The author clearly lives in a world of his own invention. He ignores the documentary record to reiterate often-heard apologetics for Israel’s actions. The United Nations does not call for East Jerusalem as a Palestinian capital; they recognize it as occupied territory. Since the 1967 War, the United Nations has repeatedly declared “the inadmissibility of the acquisition of territory by war.” The only territories acquired in the war were the Sinai Peninsula, the Gaza Strip, East Jerusalem, the West Bank and the Golan Heights — all by Israel. Every year since 1967, the U.N. General Assembly votes on a “Peaceful settlement of the question of Palestine” resolution. It reiterates the inadmissibility of acquiring land by force, the illegality of the settlements in occupied territories (Judea and Samaria) including East Jerusalem, stresses the need for an Israeli withdrawal to pre-1967 borders and the realization of inalienable rights of the Palestinian people to both self-determination and an independent state. There have been no more than seven votes opposed to this resolution, while there have been no less than 131 votes in favor of the resolution since 1997.

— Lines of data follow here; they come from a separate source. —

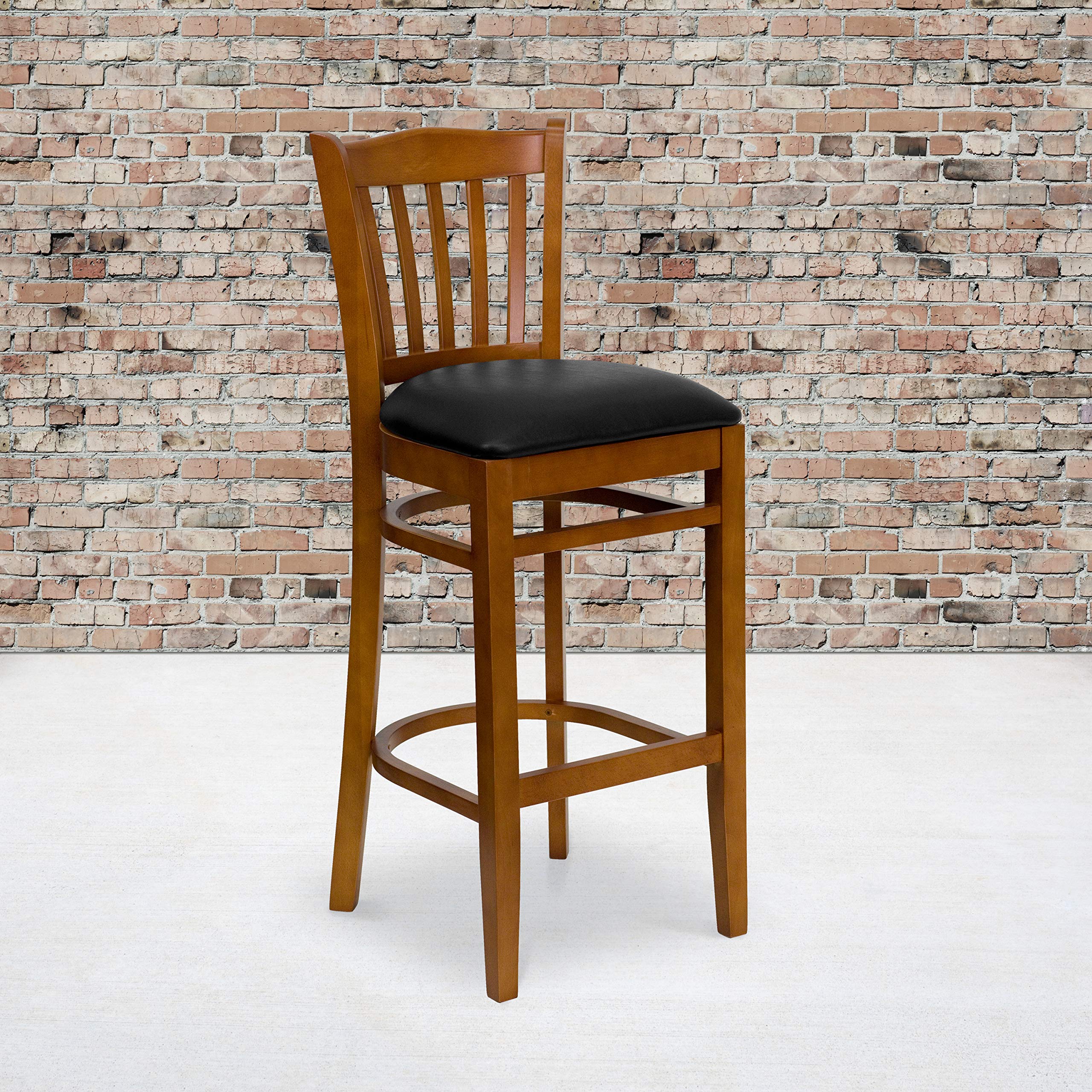 2 Pk. Cherry Finished Vertical Slat Back Wooden Barstool - Black Vinyl Seat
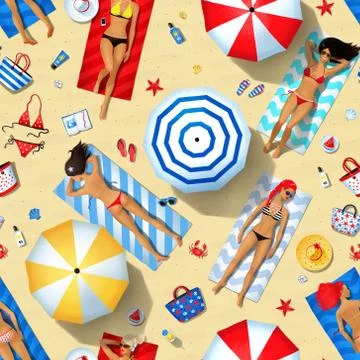 Seamless pattern with summertime illustration Stock Illustration
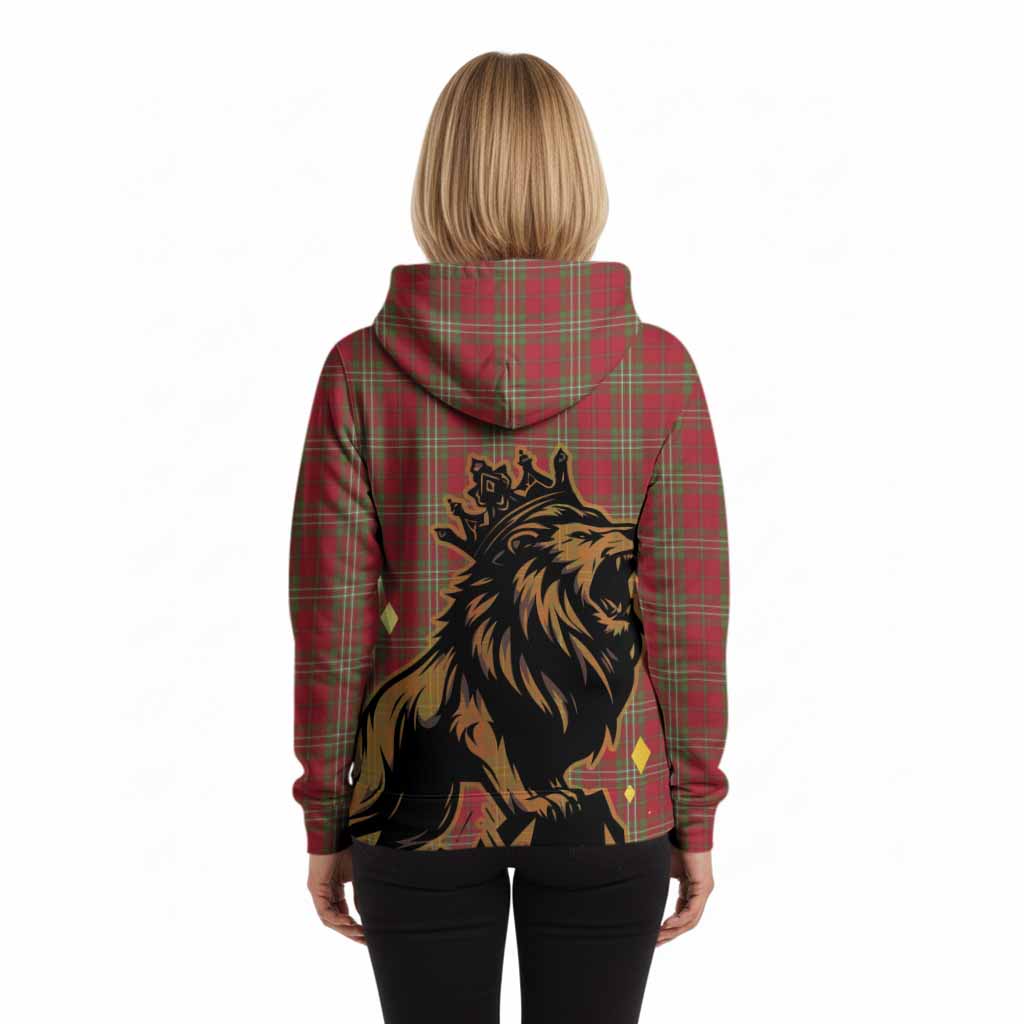 Scott Tartan Family Crest Hoodie Crowned Lion Roaring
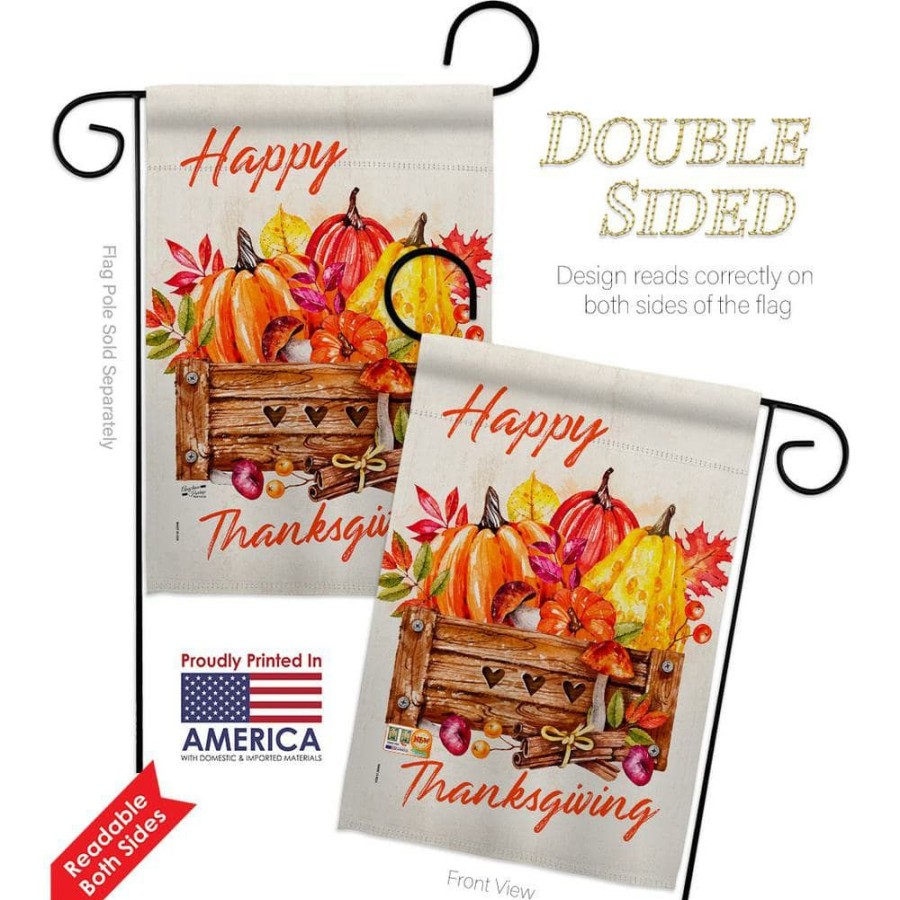 Outdoor Decor * | Angeleno Heritage Made And Designed Los Angeles California 13 In. X 18.5 In. Thanksgiving Pumpkin Garden Flag Double-Sided Fall Decorative Vertical Flag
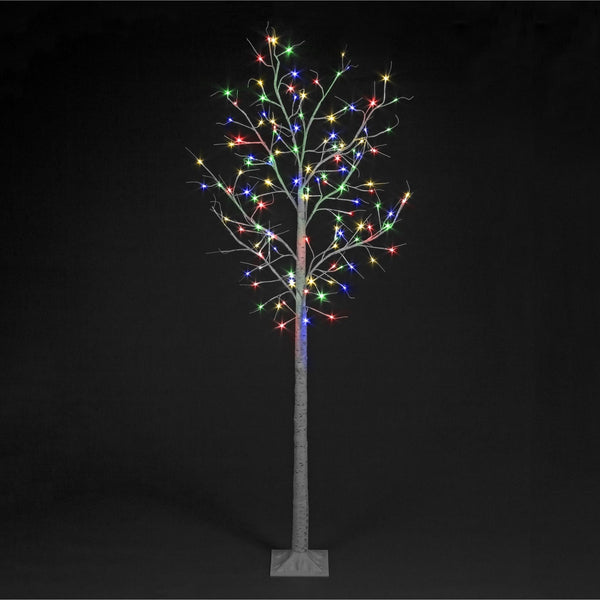 8ft Birch Tree Pre Lit with Multi Coloured LEDs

This semester concludes my third consecutive semester taking classes with Professor Abdeljaber. I can speak of Abdeljaber from personal experience. With regards to the Arab-Israeli conflict, he has always presented both sides. When he takes his classes to the United Nations, he invites the Palestinian and the Israeli delegations to speak. In his four years at the University, Professor Abdeljaber has never been accused of bias or subjectivity.
Friday’s letter demonstrates tactics often used by people of similarly narrow-minded opinions: shaming and diversion. In smearing the professor, the author tries to detract from the fact that the ratio of death tolls in the Gaza War was more than 100 Palestinians to 1 Israeli. The author utilizes the “delegitimization” tactic, in which anything short of positive excuses showered upon Israel is portrayed as an attempt to delegitimize the state. This tactic attempts to turn any criticism of the political entity into a normative statement through these attempts to obscure the facts — like the documented record of human rights abuses in the world’s longest occupation — by emphasizing tangential topics, such as Israel’s contribution to America’s security, foreign policy goals or economic gains at home and abroad.
Michael Dunican is a School of Arts and Sciences senior majoring in Middle Eastern studies with minors in religion and political science.